Using the Internet to access health-related information: results from a nationally representative sample of New Zealand secondary school students

Utter, Jennifer; Lucassen, Mathijs; Denny, Simon; Fleming, Terry; Peiris-John, Roshini and Clark, Terryann (2018). Using the Internet to access health-related information: results from a nationally representative sample of New Zealand secondary school students. International Journal of Adolescent Medicine and Health (Early Access).

DOI: https://doi.org/10.1515/ijamh-2017-0096

Abstract

Objective: To determine if secondary school students in New Zealand who report greater health concerns (e.g. significant depressive symptoms) are more likely to use the Internet to access health-related information.

Methods: A nationally representative health and wellbeing survey was undertaken in 2012 (n = 8500). Multiple regression models were used to examine the associations between students’ use of the Internet to access health-related information and selected outcomes or indicators.

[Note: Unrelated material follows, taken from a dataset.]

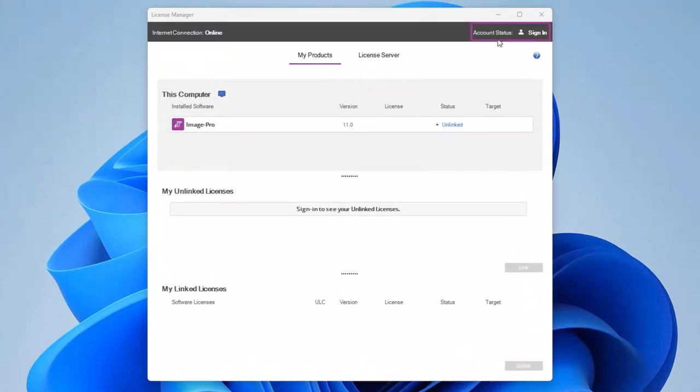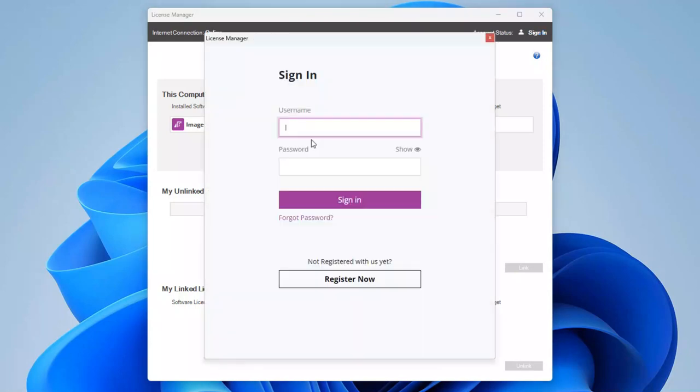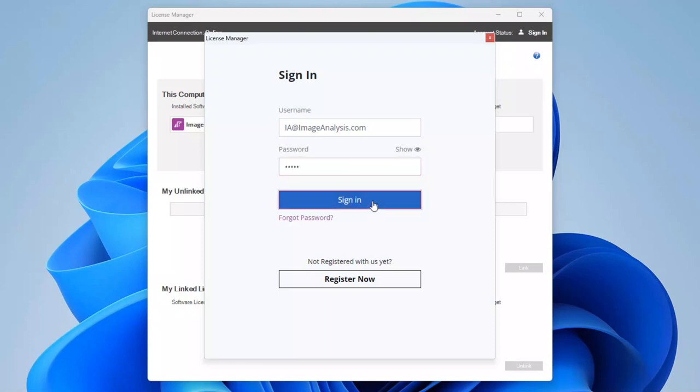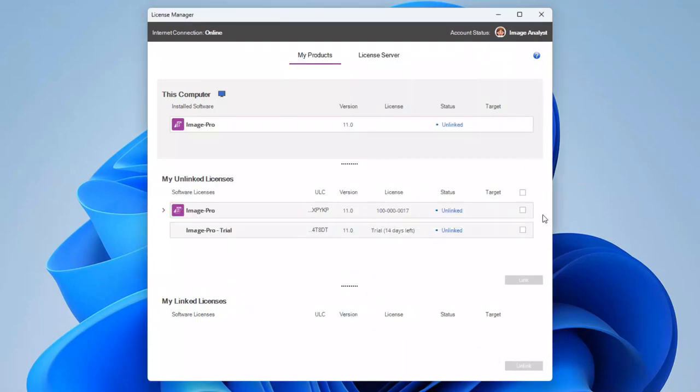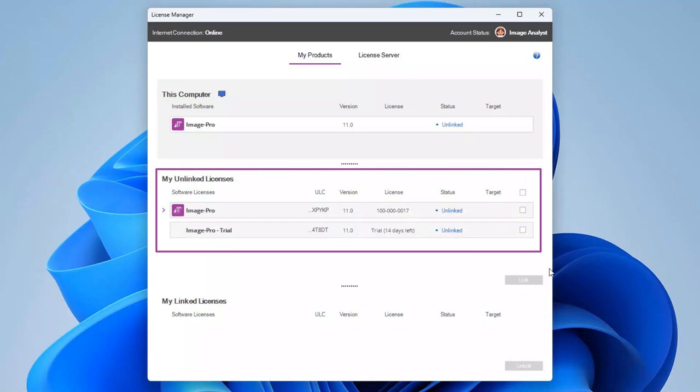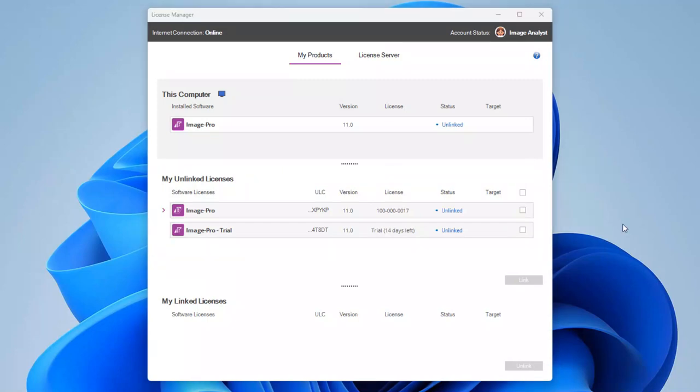Sign in to the License Manager using your My MediaCy username and password. Your license bundles are shown in the My Unlinked Licenses table. Select your bundle's checkbox and click on the Link button.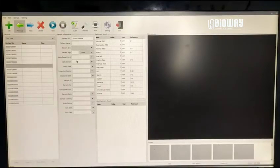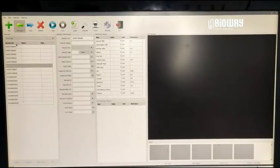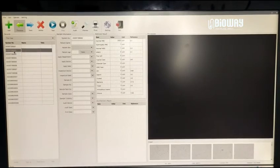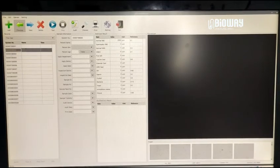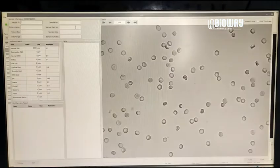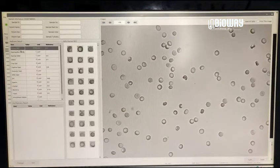In the record bar, you can choose any record that has been made. Click audit, and then you are able to check the details and images.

Results: Over 90% of students used the Internet on a daily basis, with 15.4% of students reporting that they had used the Internet to access health-related information. Students experiencing household poverty were more likely to report not using the Internet daily (17.4% compared to 4.2%). Odds ratios (ORs) for accessing the Internet for this sort of information were highest for students who reported self-harm [OR 2.7, 95% confidence interval (CI) 2.3–3.3], disordered eating (OR 2.7, 95% CI 2.4–3.2), or a suicide attempt (OR 2.5, 95% CI 1.9–3.3).

Conclusion: Our findings suggest that Internet-based health interventions may be a viable way to reach young people with high health needs, but consideration needs to be given to those with limited Internet access.